Top of Data segment

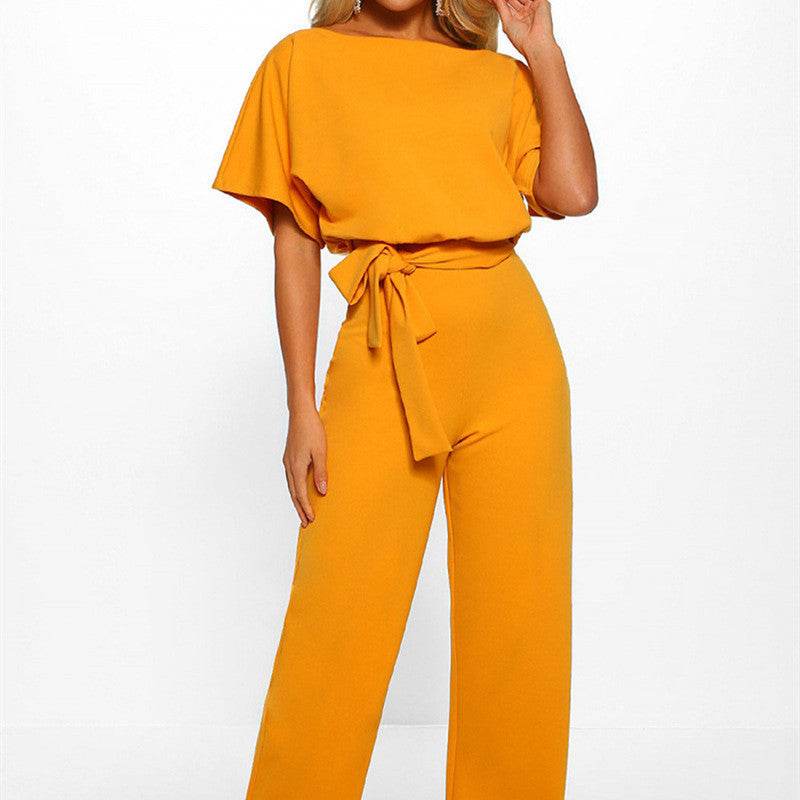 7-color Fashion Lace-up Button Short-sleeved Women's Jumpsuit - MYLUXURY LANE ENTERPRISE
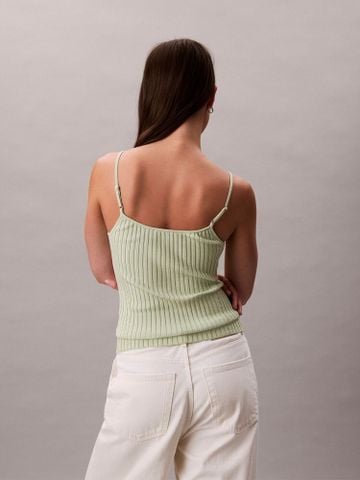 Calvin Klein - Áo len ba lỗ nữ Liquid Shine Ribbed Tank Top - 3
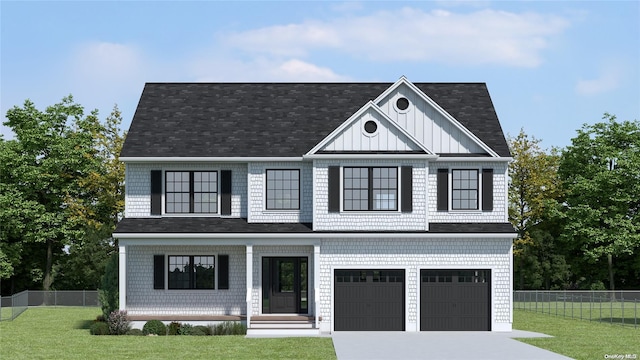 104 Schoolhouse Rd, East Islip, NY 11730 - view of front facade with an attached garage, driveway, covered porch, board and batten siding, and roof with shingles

Bottom of Data segment

§ What to produce
Copy the data word for word. Pictures do not go in the copy.

§ Exercise solution
 7-color Fashion Lace-up Button Short-sleeved Women's Jumpsuit - MYLUXURY LANE ENTERPRISE
 Calvin Klein - Áo len ba lỗ nữ Liquid Shine Ribbed Tank Top - 3
 104 Schoolhouse Rd, East Islip, NY 11730 - view of front facade with an attached garage, driveway, covered porch, board and batten siding, and roof with shingles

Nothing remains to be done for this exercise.